▸ **DATASET EXCERPT**
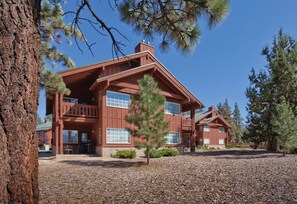 A two-story wooden cabin with a balcony, surrounded by pine trees and a gravel driveway. - Big Bear | Couples Cozy Mountain Getaway | Pool, Ski & Lake (Big Bear)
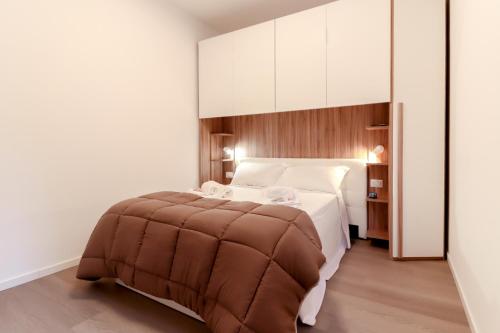 a bedroom with a large bed with a brown ottoman at La casetta in corte in Cormano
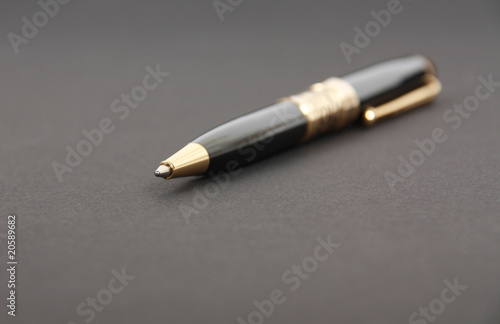 The beautiful pen on a black background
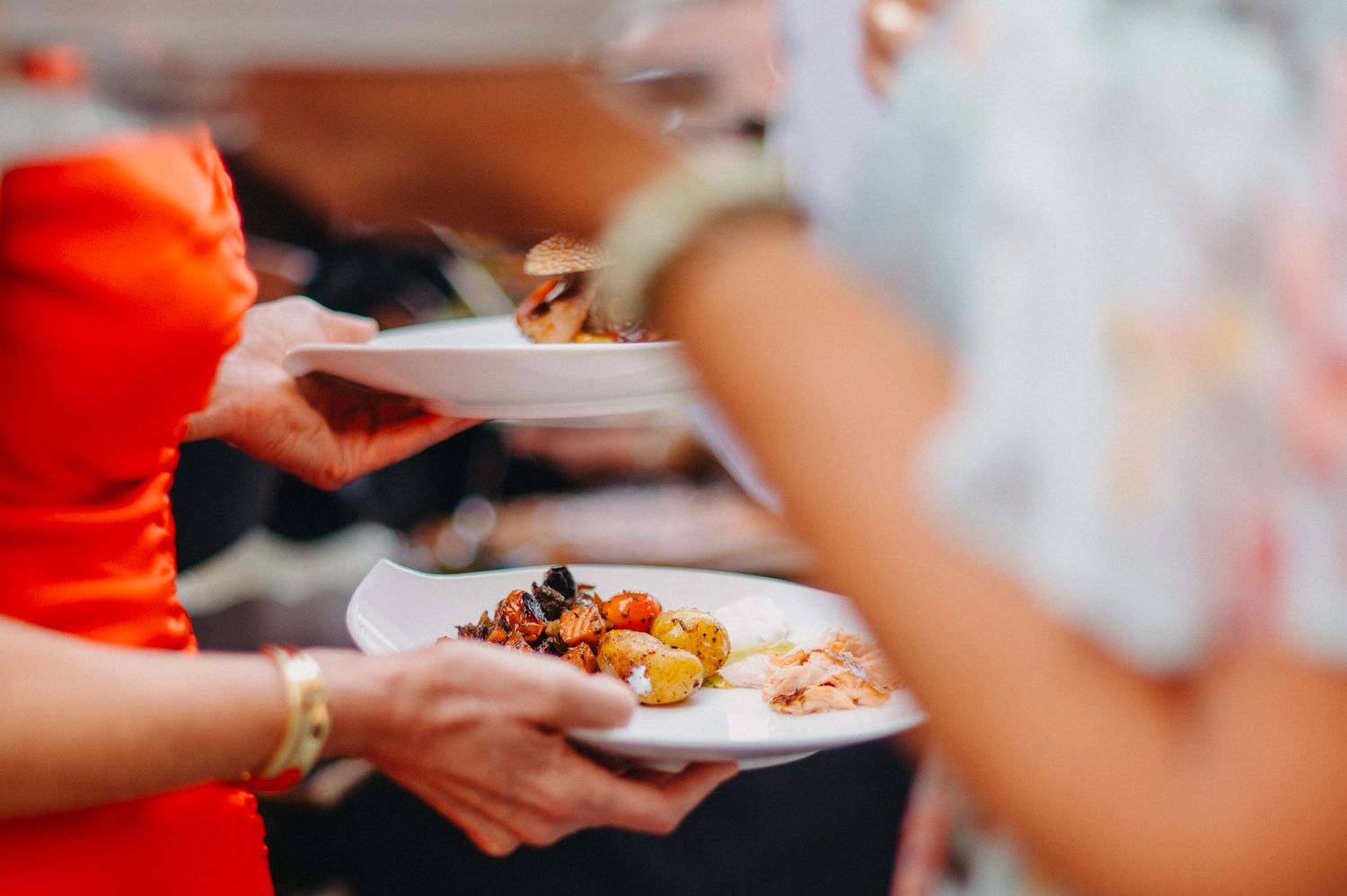 A close-up view of hands passing plates of food across a table during a shared meal.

▸ **BRIEF**
Restate the full listing verbatim and drop every picture.

▸ **TASK OUTPUT**
 A two-story wooden cabin with a balcony, surrounded by pine trees and a gravel driveway. - Big Bear | Couples Cozy Mountain Getaway | Pool, Ski & Lake (Big Bear)
 a bedroom with a large bed with a brown ottoman at La casetta in corte in Cormano
 The beautiful pen on a black background
 A close-up view of hands passing plates of food across a table during a shared meal.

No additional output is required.